» AIM OF THE EXERCISE
Print every line below that comes at or after the line containing "Skateboarding cake happy", exactly as written.

*** Begin section ***

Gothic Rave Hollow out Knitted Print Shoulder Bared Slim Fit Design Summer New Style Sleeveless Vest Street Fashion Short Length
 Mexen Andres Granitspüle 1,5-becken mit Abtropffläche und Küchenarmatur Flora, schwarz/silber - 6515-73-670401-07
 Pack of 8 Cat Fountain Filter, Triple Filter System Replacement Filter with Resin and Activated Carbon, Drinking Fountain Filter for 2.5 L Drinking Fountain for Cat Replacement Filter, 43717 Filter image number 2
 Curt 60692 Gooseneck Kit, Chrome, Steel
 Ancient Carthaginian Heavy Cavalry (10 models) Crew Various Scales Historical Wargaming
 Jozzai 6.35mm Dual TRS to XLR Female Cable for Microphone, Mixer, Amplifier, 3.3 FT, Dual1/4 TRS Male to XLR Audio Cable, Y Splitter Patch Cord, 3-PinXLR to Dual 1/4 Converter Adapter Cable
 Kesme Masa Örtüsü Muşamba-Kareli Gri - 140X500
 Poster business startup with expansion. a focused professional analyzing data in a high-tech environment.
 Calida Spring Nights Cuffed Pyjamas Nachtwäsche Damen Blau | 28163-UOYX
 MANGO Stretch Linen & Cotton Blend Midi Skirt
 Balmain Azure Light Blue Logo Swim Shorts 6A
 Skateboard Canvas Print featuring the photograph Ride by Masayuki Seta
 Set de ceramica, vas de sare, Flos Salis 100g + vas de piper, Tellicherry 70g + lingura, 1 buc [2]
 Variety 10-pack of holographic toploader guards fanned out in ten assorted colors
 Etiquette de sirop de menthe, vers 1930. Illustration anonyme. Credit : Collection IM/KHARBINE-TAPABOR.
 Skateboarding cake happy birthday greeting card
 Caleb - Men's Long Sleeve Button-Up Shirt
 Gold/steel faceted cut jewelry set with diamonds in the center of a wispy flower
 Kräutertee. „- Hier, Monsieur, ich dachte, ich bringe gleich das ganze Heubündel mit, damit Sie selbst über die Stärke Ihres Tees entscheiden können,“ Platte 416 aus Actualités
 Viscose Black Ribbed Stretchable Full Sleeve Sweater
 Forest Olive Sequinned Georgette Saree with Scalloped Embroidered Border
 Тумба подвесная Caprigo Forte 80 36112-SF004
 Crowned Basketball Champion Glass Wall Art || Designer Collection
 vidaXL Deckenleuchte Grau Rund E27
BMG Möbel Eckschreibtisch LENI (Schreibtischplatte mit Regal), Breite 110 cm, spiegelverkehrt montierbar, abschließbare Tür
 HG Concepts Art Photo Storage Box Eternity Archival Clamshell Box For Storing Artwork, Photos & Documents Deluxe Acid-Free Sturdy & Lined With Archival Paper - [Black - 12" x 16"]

*** End section ***

» OUTPUT
 Skateboarding cake happy birthday greeting card
 Caleb - Men's Long Sleeve Button-Up Shirt
 Gold/steel faceted cut jewelry set with diamonds in the center of a wispy flower
 Kräutertee. „- Hier, Monsieur, ich dachte, ich bringe gleich das ganze Heubündel mit, damit Sie selbst über die Stärke Ihres Tees entscheiden können,“ Platte 416 aus Actualités
 Viscose Black Ribbed Stretchable Full Sleeve Sweater
 Forest Olive Sequinned Georgette Saree with Scalloped Embroidered Border
 Тумба подвесная Caprigo Forte 80 36112-SF004
 Crowned Basketball Champion Glass Wall Art || Designer Collection
 vidaXL Deckenleuchte Grau Rund E27
BMG Möbel Eckschreibtisch LENI (Schreibtischplatte mit Regal), Breite 110 cm, spiegelverkehrt montierbar, abschließbare Tür
 HG Concepts Art Photo Storage Box Eternity Archival Clamshell Box For Storing Artwork, Photos & Documents Deluxe Acid-Free Sturdy & Lined With Archival Paper - [Black - 12" x 16"]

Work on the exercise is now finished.